I called a couple of electricians for a price but they said they would
Rather do it by the hour because floor boards would have to be pulled
up and they wouldn't know 
what they might meet
The hourly rates they wanted were €30 an hour plus vat for one 
and €35 plus vat for the other fella. Both are registered and insured
and all that , does this sound a bit steep , I live in Cork


----------



## mandelbrot (26 Jul 2012)

I have an electrician friend who is very good (well he's very busy anyway), and I'm pretty sure he charges €25 + VAT. That's in Waterford.


----------



## Joe_90 (26 Jul 2012)

It costs an employer €25.78 per hour in wages and PRSI to pay a qualified electrician.  So their not making a fortune at those rates.


----------



## mandelbrot (26 Jul 2012)

Joe_90 said:


> It costs an employer €25.78 per hour in wages and PRSI to pay a qualified electrician.  So their not making a fortune at those rates.



Which is why if you can get a qualified guy who's working to cover his own wage it should be cheaper than getting a guy to employ someone else to do it...


----------



## Purple (27 Jul 2012)

Joe_90 said:


> It costs an employer €25.78 per hour in wages and PRSI to pay a qualified electrician.  So their not making a fortune at those rates.



Is there a registered employment agreement in place for electricians?
That's €45'000 basic for an electrician.
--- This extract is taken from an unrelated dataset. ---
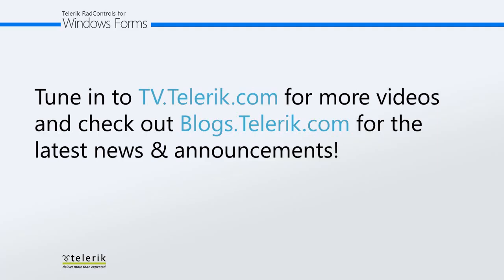Again, I hope that helped and please tune in to tv.telerik.com for more videos and check out blogs.telerik.com for the latest news and announcements.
Do they earn that much?


----------



## mandelbrot (27 Jul 2012)

Purple said:


> Is there a registered employment agreement in place for electricians?
> That's €45'000 basic for an electrician. Do they earn that much?


 
AFAIK the rate under the REA is €21.49 p/hr, so for a 38 hour week that's about €42.5k p.a.(http://www.labourcourt.ie/Labour/In...al Contracting Industry REA 11th May 2007.pdf)

Add on employer's PRSI for a contractor with employees and his labour cost is nearly €24 p/hr.


----------



## Purple (27 Jul 2012)

mandelbrot said:


> AFAIK the rate under the REA is €21.49 p/hr, so for a 38 hour week that's about €42.5k p.a.(http://www.labourcourt.ie/Labour/In...al Contracting Industry REA 11th May 2007.pdf)
> 
> Add on employer's PRSI for a contractor with employees and his labour cost is nearly €24 p/hr.



Craze rates for a 21 year old!
No wonder there are so many electricians coming over from the UK on contract.


----------